A Rhine river cruiser went past before 9am on its way to Saarbrücken to disembark its passengers at the end of its eight day 'four rivers' cruise.  It would pick up the next lot of guests for the return trip to Würzburg along the rivers Saar, Mosel, Rhine and Main.  At 110 metres long it would have just fitted in the cut down lock of yesterday, but the crew would know that and not suffer our discomfort of course.

One of the first morning tasks was to move the walnuts to the next stage of the pickling process.  Having been soaked in brine for a couple of weeks, they will now dry out and finish turning black in the sun for a few days.

A couple of walnut blackening trays

As we left Völklingen a goods shunter was crossing a bridge over the river but stopped hallway across.
  Unbelievably, the driver got out and stood at the side waving and giving us the thumbs up as we went underneath.  I wish I’d had the presence of mind to have guessed what was going on and taken a picture of him looking so happy

There was only one lock to go down on the journey and, learning from our middle doors trauma of the previous day, we went in and headed for halfway along.  To our surprise, this time there were no middle doors, so we had the whole 190 metre lock to ourselves.

Arriving in Saarlouis we pulled up on the town pontoon where there was just enough room for us and a German cruiser that was already there.  After a quick lunch we went into the tourist office to pick up some suggestions for town trails.  The town certainly looked interesting with extensive fortifications but as we felt quite tired, we had a quiet afternoon back at the boat leaving the trails until Thursday.

Saarlouis town mooring

Apart from the Rhine river cruiser that went past us in the morning the only other boat we saw all day was in the late afternoon when a small cruiser passed on its way downstream.  So far, we have been surprised how quiet the Saar has been but no doubt it will get busier, especially with commercials as we near the Mosel.  We were a little surprised when we heard a boat coming at about nine in the evening and then remembered that the locks from here down to the Mosel operate 24 hours a day.  It turned out to be the Rhine river cruiser we’d seen in the morning but now going in the opposite direction.

Thurgau Casanova

On Wednesday we travelled 13 km down one lock.

THURSDAY 23 JUNE

Before leaving Saarlouis we followed a town trail starting with a walk around the large park between the river and an old arm that used to be part of the town’s defence system.  We then went along the fortifications before we visited the old town and then the more modern area.  The fortifications followed the line of the old arm and were designed by the French military architect Vauban whose work we’ve come across quite regularly this year.  An island in the old arm is called Vauban Island on which stands a couple of sculptures.  The first is of Marshal Ney, one of Napoleon’s most successful generals, and the other is of a French soldier called Lacroix from the Franco-Prussian war of 1815.  In the background is one of the ornamental fountains along the waterway:

Soldier Lacroix

Lacroix is commemorated in several places in Germany and France as an example of a committed soldier who remained at his post even as the French troops fled.  Apparently the Prussians were impressed by his courage so fed him and let him leave unharmed.

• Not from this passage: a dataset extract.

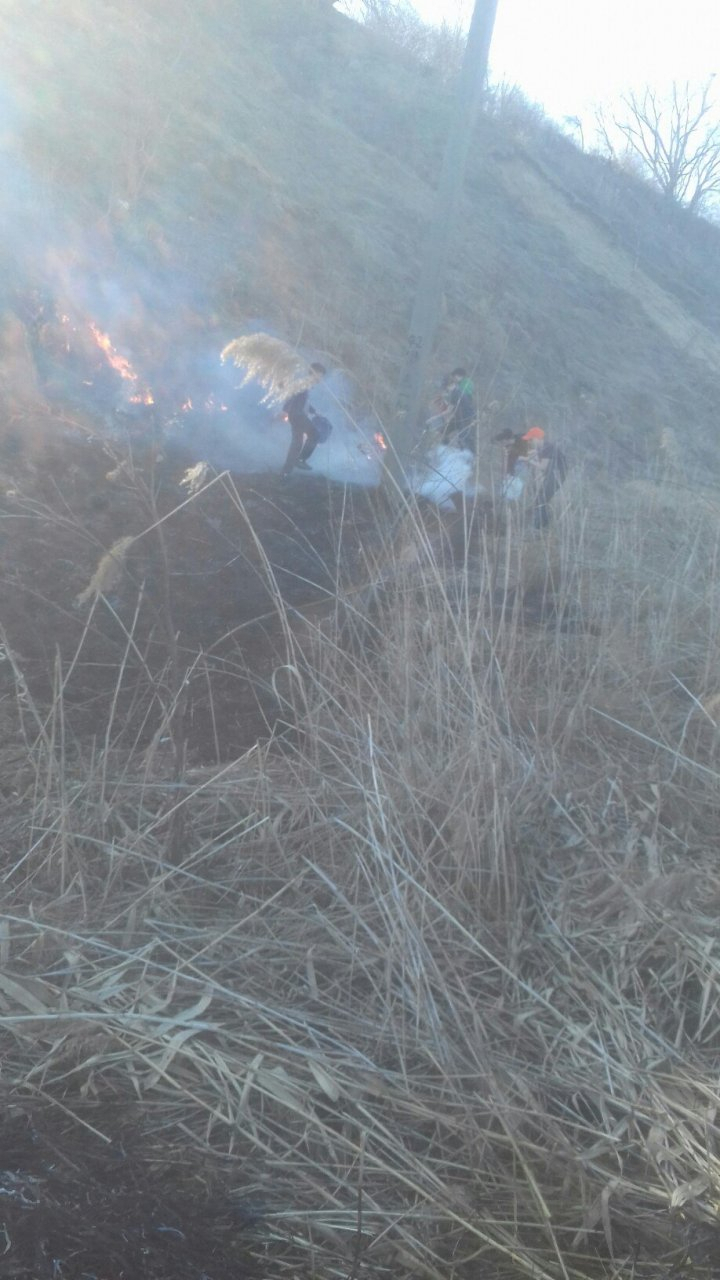 В Канищеве произошел пожар из-за оставленного без присмотра мангала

Remains of walls on either side of the arm
Vauban island

The main square in town was formed in the 1600s as a parade and drill ground and is now spoilt by being used as a car park. We couldn’t help thinking how different the atmosphere would be if it was traffic free as in towns such as Nancy and Siena.

Grosser Markt

The large building right of centre was built in 1680 for the town commander and was another of Vauban’s designs; it is now a bank and post office.  There were identical drinking water fountains at each corner of the square, nowadays used by thirsty dogs.

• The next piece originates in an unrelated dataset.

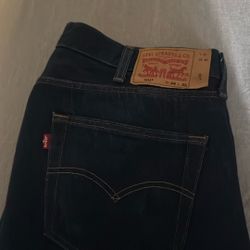501 Shrink To Fit Navy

The old town consisted of narrow streets of bars and restaurants, some of which were already open with people breakfasting while others were being set up for the day’s trading.  Back at the fortifications a long line of vaults behind the walls that used to house solders, horses and their equipment has been converted to another large eating area with restaurants stretching as far as the eye could see.

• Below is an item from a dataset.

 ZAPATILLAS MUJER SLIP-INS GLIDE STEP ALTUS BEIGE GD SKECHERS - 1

No town gates exist these days; the German gate was demolished in 1866 and used to stand over the road we took to walk back to the boat.

Where the German gate once stood

When we set out after lunch, we knew it was going to be the first day we would be sharing the river with the larger commercials.  We had four more locks to go through before the Saar joins the Mosel and all of them are in pairs.  One of each pair being 190 metres long and the other, a Freycinet standard, 40 metre one.  Assuming there are no problems with the smaller locks, we’ll be using those so back to the size we’re most familiar with.

Soon after leaving we passed the commercial port at Dillingen and could see boats being both loaded and unloaded.  From that point on we had to be extra alert and keep the radio on the ship-to-ship channel, although if we heard someone, the chance of understanding the message would be very small but at least we'd understand if we were being told to keep to the right or the left.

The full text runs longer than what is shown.